*Exercise data*:
*** Begin section ***
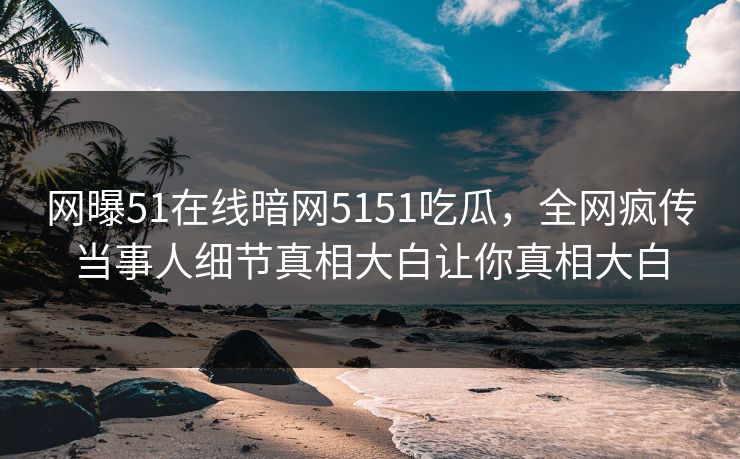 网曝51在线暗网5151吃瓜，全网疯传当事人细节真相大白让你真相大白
*** End section ***
*** Begin section ***
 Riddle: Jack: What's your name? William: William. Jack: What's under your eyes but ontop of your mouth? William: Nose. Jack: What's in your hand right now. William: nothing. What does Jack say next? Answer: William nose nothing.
*** End section ***
*** Begin section ***
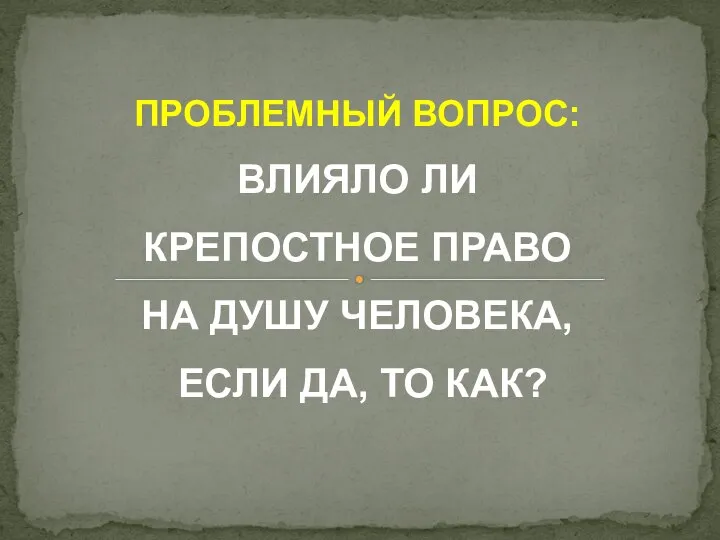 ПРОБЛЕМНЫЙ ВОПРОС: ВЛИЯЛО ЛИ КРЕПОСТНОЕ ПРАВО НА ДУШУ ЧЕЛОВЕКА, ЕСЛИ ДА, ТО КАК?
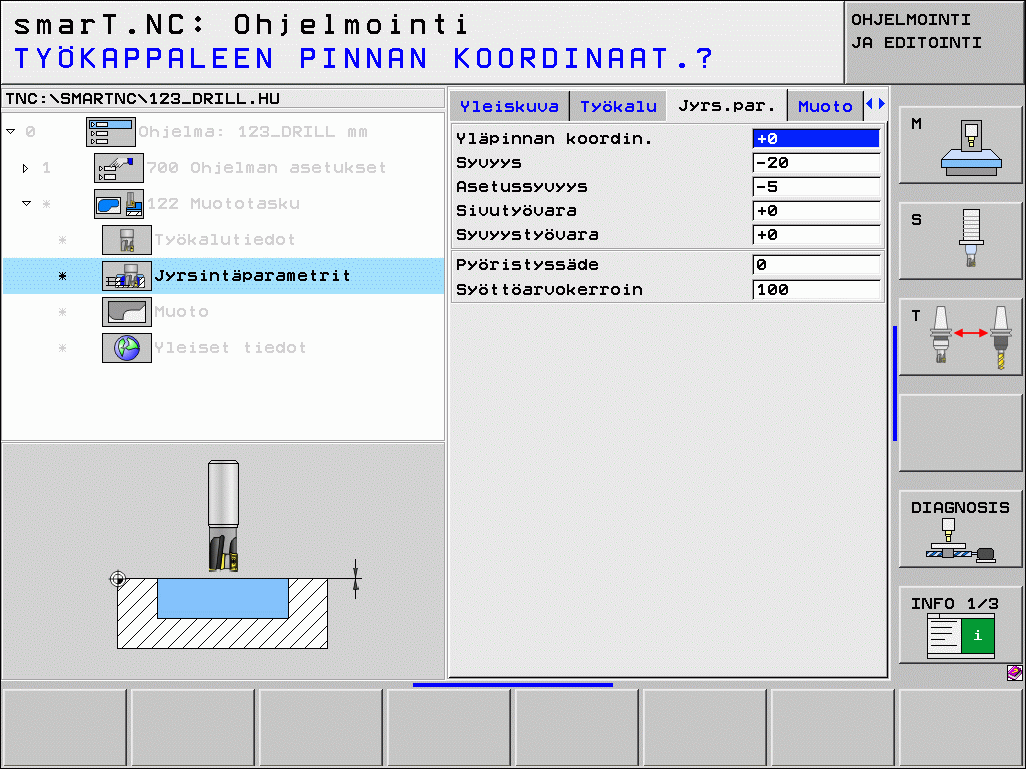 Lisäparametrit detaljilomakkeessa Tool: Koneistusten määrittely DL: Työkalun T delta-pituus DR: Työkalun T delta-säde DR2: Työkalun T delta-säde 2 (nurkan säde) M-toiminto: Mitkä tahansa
*** End section ***
*Requirement*: An exact copy is needed of the stretch above that opens with the line containing "ПРОБЛЕМНЫЙ ВОПРОС: ВЛИЯЛО" and closes with the line containing "Lisäparametrit detaljilomakkeessa Tool: Koneistusten"; the pictures are not part of it.

*Result of this task*:
 ПРОБЛЕМНЫЙ ВОПРОС: ВЛИЯЛО ЛИ КРЕПОСТНОЕ ПРАВО НА ДУШУ ЧЕЛОВЕКА, ЕСЛИ ДА, ТО КАК?
 Lisäparametrit detaljilomakkeessa Tool: Koneistusten määrittely DL: Työkalun T delta-pituus DR: Työkalun T delta-säde DR2: Työkalun T delta-säde 2 (nurkan säde) M-toiminto: Mitkä tahansa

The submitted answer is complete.